_WHAT YOU WILL DO_
Omit images. Retype all entries verbatim.

_ENTRIES PROVIDED_
----------------

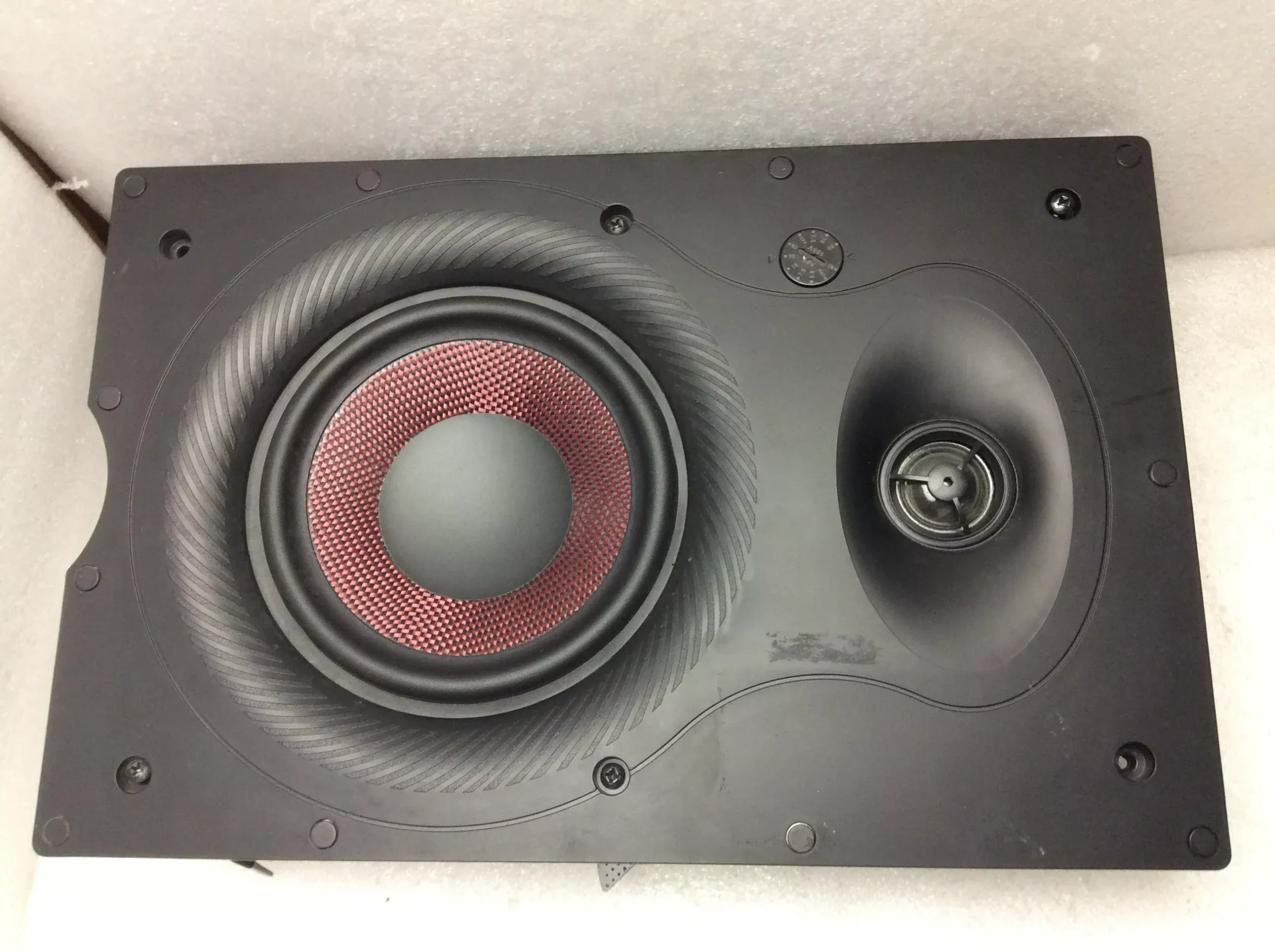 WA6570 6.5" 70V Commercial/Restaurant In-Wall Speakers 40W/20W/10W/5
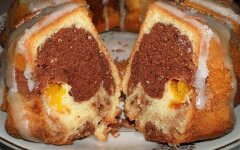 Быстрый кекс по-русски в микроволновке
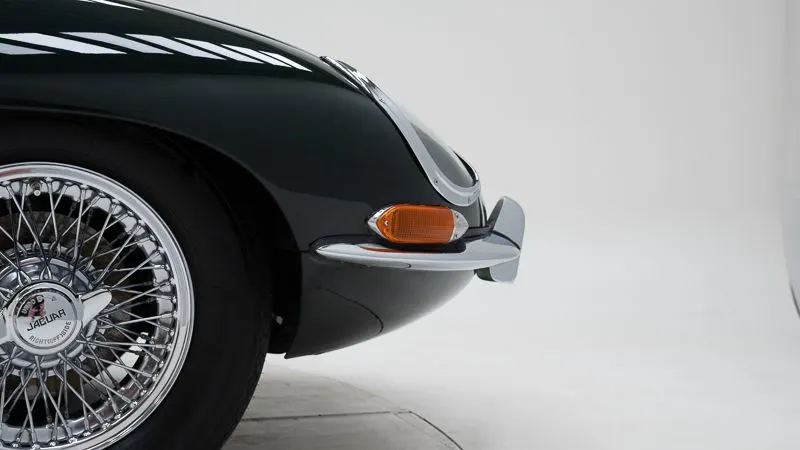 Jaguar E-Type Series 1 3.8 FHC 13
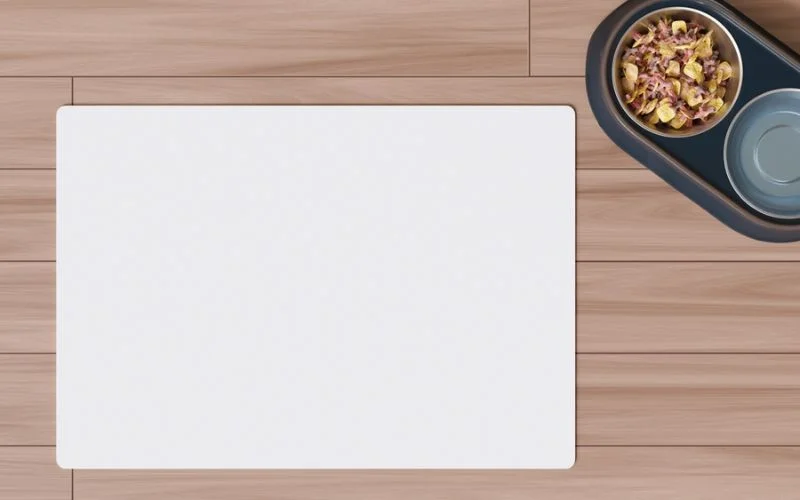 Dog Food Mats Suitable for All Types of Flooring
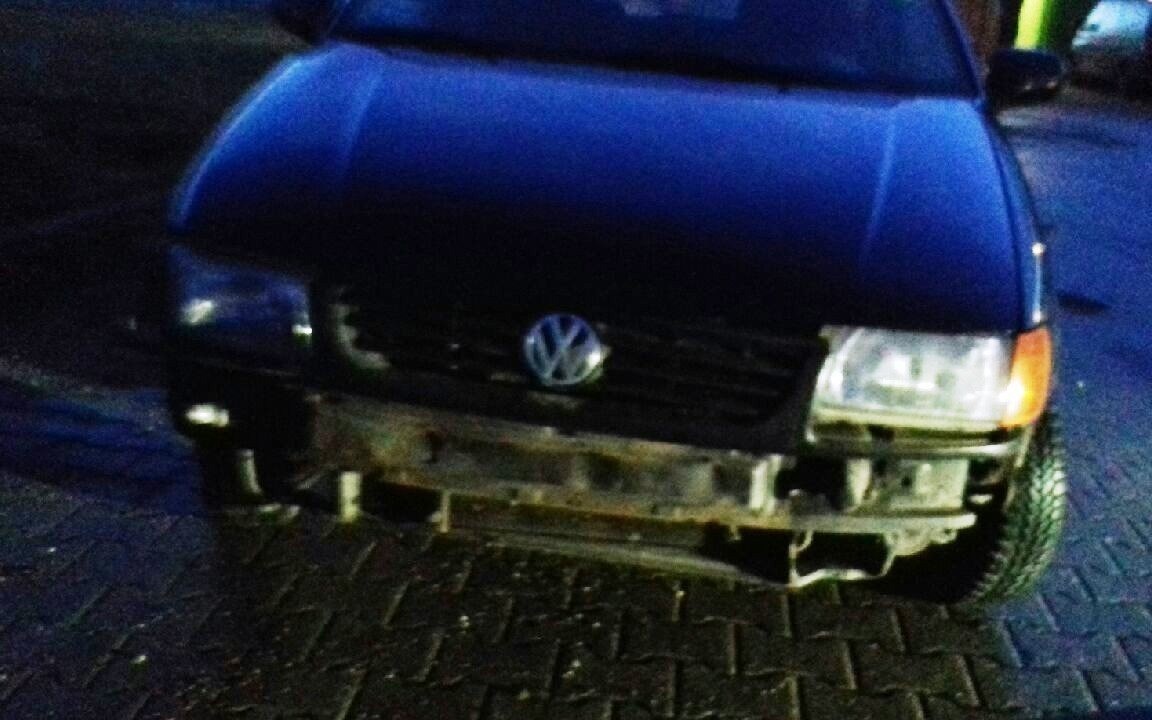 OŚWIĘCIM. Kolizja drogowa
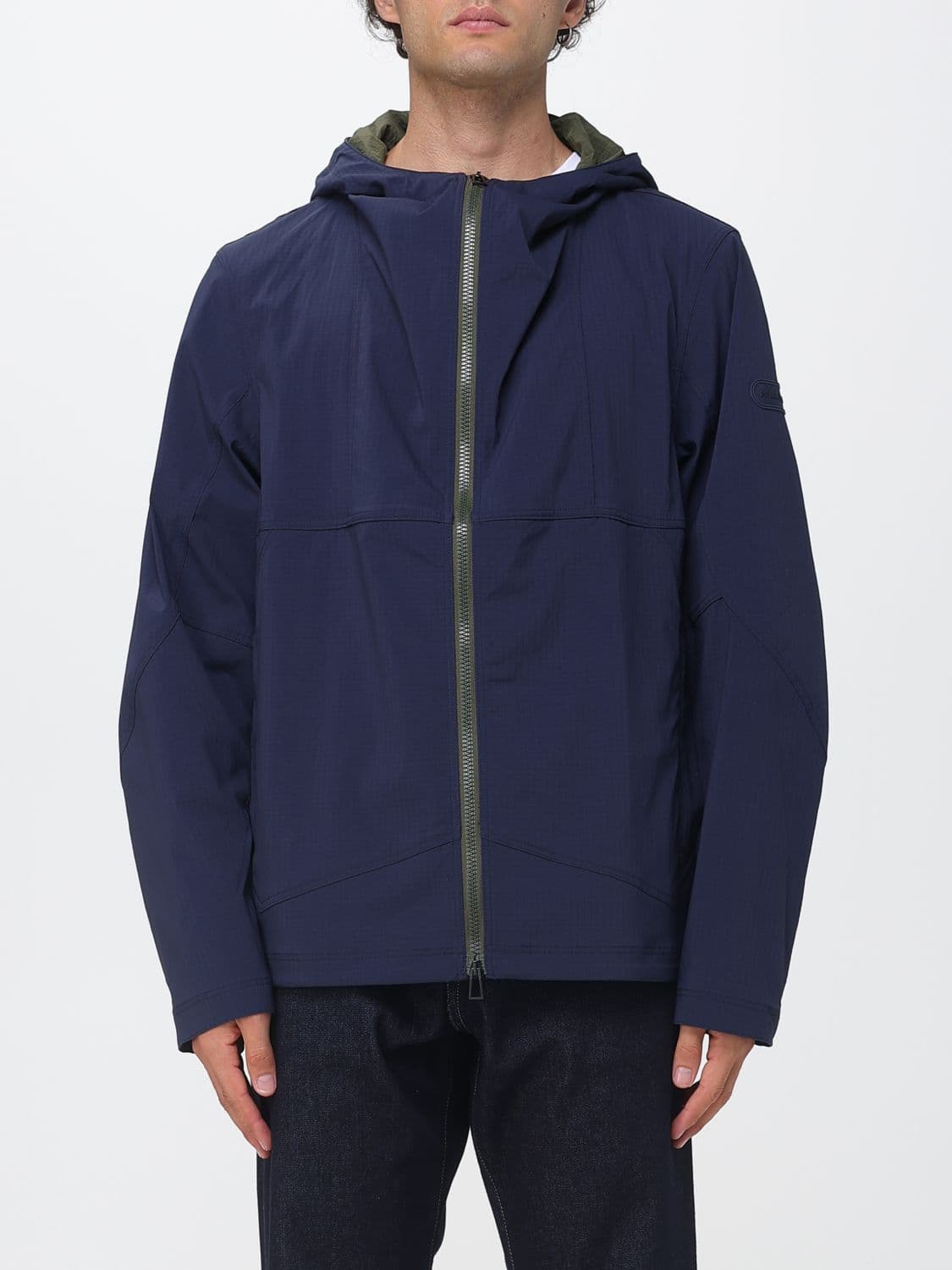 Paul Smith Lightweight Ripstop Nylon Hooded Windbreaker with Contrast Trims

----------------

_SOLUTION TO THE EXERCISE_
 WA6570 6.5" 70V Commercial/Restaurant In-Wall Speakers 40W/20W/10W/5
 Быстрый кекс по-русски в микроволновке
 Jaguar E-Type Series 1 3.8 FHC 13
 Dog Food Mats Suitable for All Types of Flooring
 OŚWIĘCIM. Kolizja drogowa
 Paul Smith Lightweight Ripstop Nylon Hooded Windbreaker with Contrast Trims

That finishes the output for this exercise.